Set ha1/ha2/aux1/aux2 to 25G (in FortiGate 4401F), and connect them back-to-back:

config system interface

    edit "ha1"

        set vdom "root"

        set forward-error-correction cl91-rs-fec

        set speed 25000full

    next

    edit "ha2"

        set vdom "root"

        set forward-error-correction cl91-rs-fec

        set speed 25000full

    next

    edit "aux1"

        set vdom "root"

        set forward-error-correction cl91-rs-fec

        set speed 25000full

        set mtu-override enable

        set mtu 9000

    edit "aux2"

        set vdom "root"

        set forward-error-correction cl91-rs-fec

        set speed 25000full

        set mtu-override enable

        set mtu 9000

    next

end

Note: Change MTU of aux1/aux2 to 9k for better session-sync performance.

Separate HA heartbeat interfaces (ha1/ha2) from session-sync interfaces (aux1/aux2) and increase HA heartbeat loss threshold:

config system ha

    set group-id 45

    set group-name <name>

    set mode a-p

    set sync-packet-balance enable

    set hbdev "ha1" 20 "ha2" 10

    set session-sync-dev "aux1" "aux2"

    set hb-interval 4

    set hb-lost-threshold 12

    set session-pickup enable

    set session-pickup-connectionless enable

    set override disable

end

3. Move HA heartbeat ha1/ha2 tx/rx to appropriate CPU cores.

To implement this adjustment, it is advised to engage Fortinet support for assistance.
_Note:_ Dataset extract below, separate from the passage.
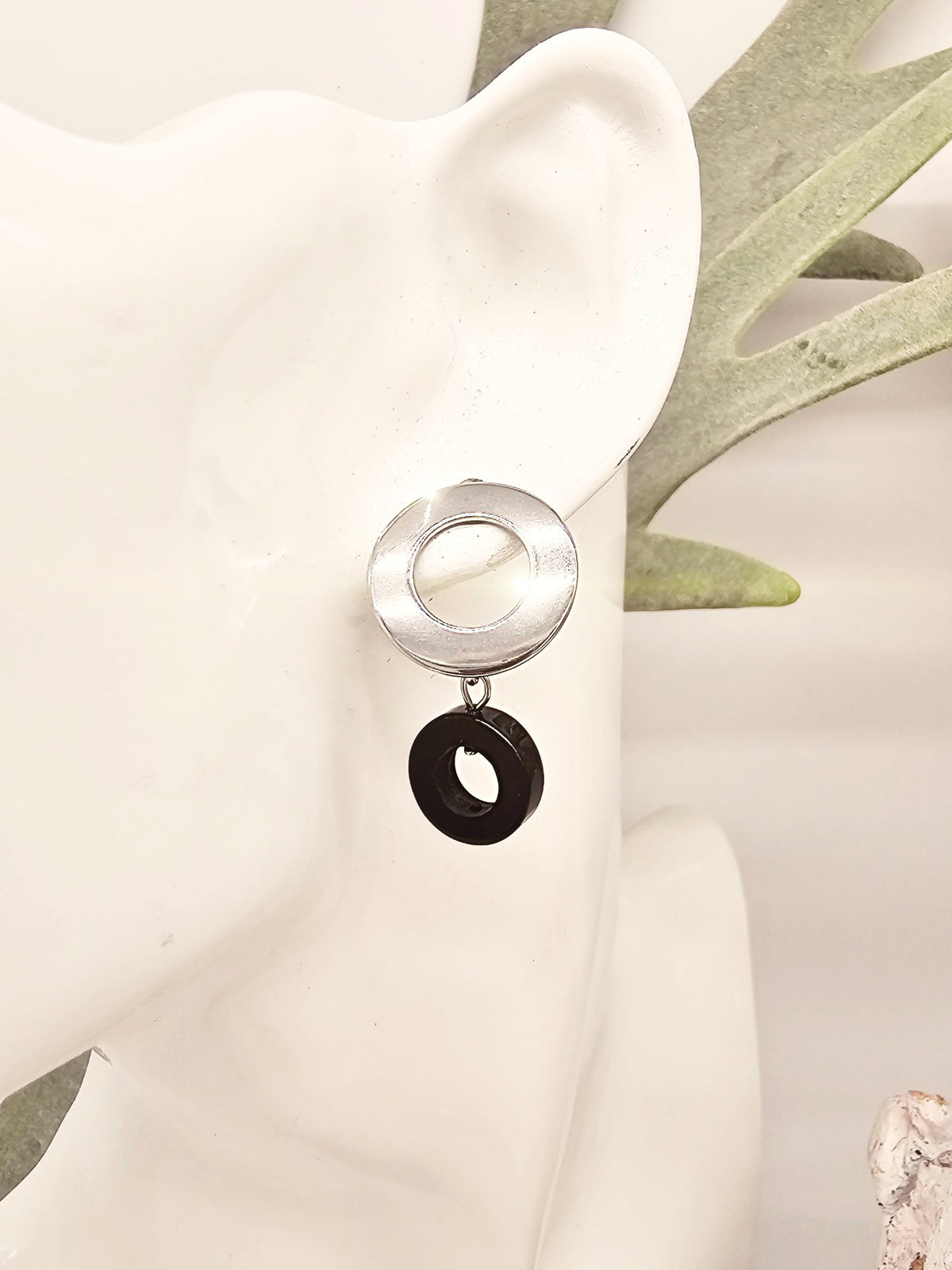 ohrring-lang-edelstahl-onyx-schwarz-2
See the Fortinet Support Portal: Welcome to Fortinet Support.

Conclusion:

In summary, the initial LACP interface flap was due to a traffic burst causing NP congestion and preventing the timely handling of LACP packets mainly because the LACP packets were processed with lower priority. After upgrading to FortiOS 7.2.12 GA and implementing the recommended configuration optimization changes, a split-brain scenario emerged due to unexpected high bandwidth (Over 20 Gbps) and CPU overload. By carefully applying the recommended configuration changes and ensuring UTM features are balanced, stable HA behavior and efficient traffic handling can be achieved.